The encrypted attestation document is then named se-checksums.txt.enc
.
In the case of a docker container, the decrypt-attestation.sh
file can be accessed by mounting /var/hyperprotect
in the docker container. For example,
volumes:
- "/var/hyperprotect/:/var/hyperprotect/:ro"
In the case of a Podman container, the decrypt-attestation.sh
file can be accessed by mounting /var/hyperprotect
in the Podman container. For example,
volumeMounts:
- name: attestation
readOnly: true
mountPath: /var/hyperprotect:Z,U
Understanding attestation flows
The following diagram shows two scenarios for attestation from the point of view of the auditor to validate that the deployment is the expected one. The left side of the diagram shows the establishment of trust by the auditor who is rooted on a third-party certificate authority. Any key used is kept in a Hyper Protect Crypto Service and signed in a certificate chain based on the third-party authority. The Build environment that is used by Hyper Protect is running in a trusted execution environment by using IBM Secure Execution Technology.
The result is a secure execution image that is seen at the end of the diagram, which is an encrypted secure execution image. To the right of the diagram, the validation of the deployment is outlined. For this, the auditor includes into the encrypted workload contract of the IBM Hyper Protect instance, the public key of a secret, which only the auditor has control over. Such secrets might be protected by appropriate means, like a Hyper Protect Crypto Service, HSM or just a random key. Only the Hyper Protect bootloader that is executed in the trusted execution environment provided through IBM Secure Execution for Linux on IBM LinuxONE, can run the secure execution image of IBM Cloud Hyper Protect Virtual Servers for IBM Cloud® Virtual Private Cloud. The bootloader contains the secret to decrypt the contract.

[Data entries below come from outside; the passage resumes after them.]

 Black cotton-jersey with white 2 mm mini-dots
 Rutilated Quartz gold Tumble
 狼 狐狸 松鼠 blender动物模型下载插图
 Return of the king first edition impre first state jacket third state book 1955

During boot several hashes of components and measures of code are taken and added to the attestation record. To further protect this attestation record, the record is encrypted with the public key that the auditor provided. By doing so, only the auditor is in the position to decrypt the attestation record and can validate that the workload that is deployed in the enclave is the expected and untampered version of the workload that is expected to be deployed into the Hyper Protect Virtual Servers for VPC instance.